Fiscal discipline has also translated into tangible outcomes in terms of deficit reduction. The union government’s fiscal deficit is projected at 4.4% of GDP, while the primary deficit, which excludes interest payments, has fallen sharply to 0.8% of GDP. Nageswaran attributed this achievement to the combination of buoyant tax collections and strategic spending reforms.

On the role of states, he stressed the importance of long-term fiscal sustainability.

“Unconditional transfers do have a short-term role—they put cash in the hands of the public, raise disposable income, and increase spending power. However, sustaining growth will require careful prioritisation so that short-term income support does not erode the very investments on which inclusive medium-term prosperity ultimately rests.”

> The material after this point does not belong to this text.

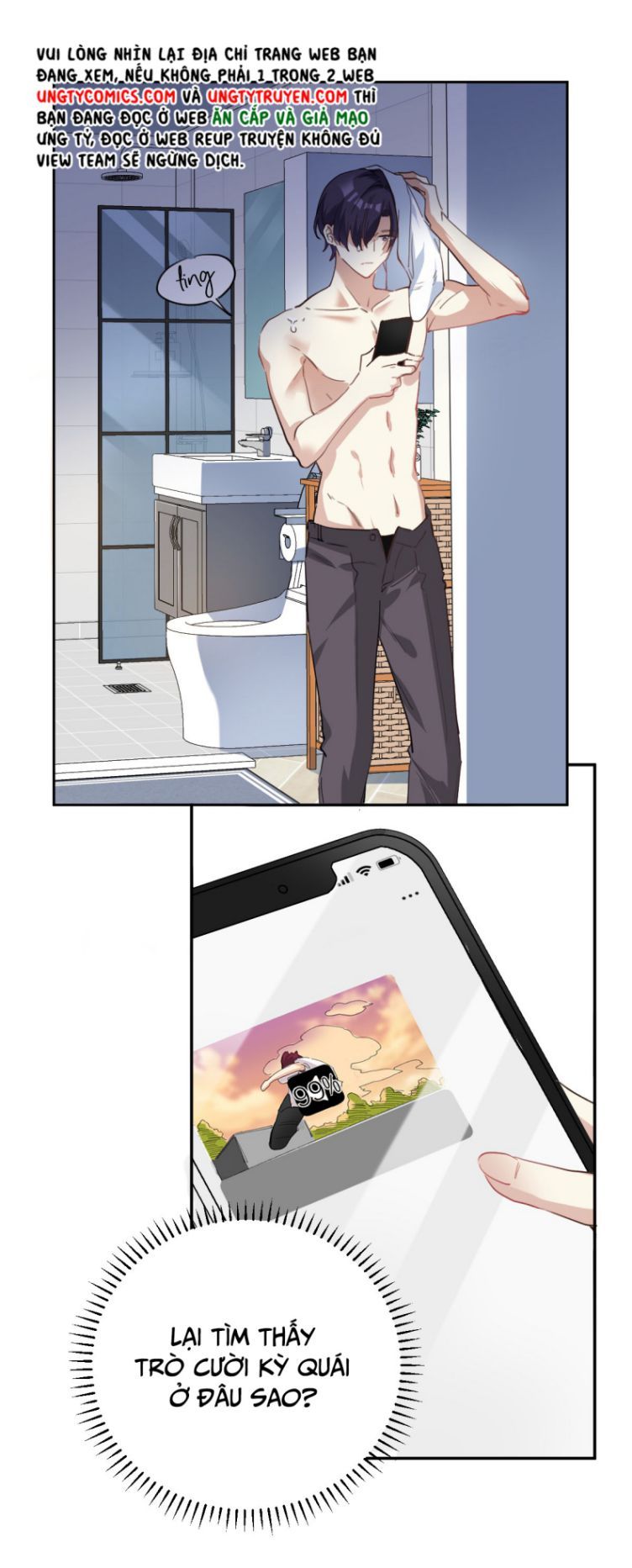 Tình Yêu Trên Mạng Của Giáo Bá Lật Xe Rồi: Chapter 20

The CEA also highlighted how these fiscal achievements underpin broader economic confidence. “Strong tax performance and prudent fiscal management contributed to India’s triple-B and other credit rating upgrades,” he said, noting the positive signals it sends to global investors.

Complementing revenue mobilisation, tax policy reforms have made compliance easier and more business-friendly. Nageswaran cited the simplification of the Income Tax Act and GST 2.0, which introduced simpler slabs and higher exemptions, as measures that sustain tax buoyancy while encouraging formal economic activity.

In sum, Nageswaran presented a clear narrative linking tax collection, fiscal prudence, and productive expenditure: robust tax revenue, when combined with quality capital spending and disciplined state finances, forms the foundation for India’s sustained growth.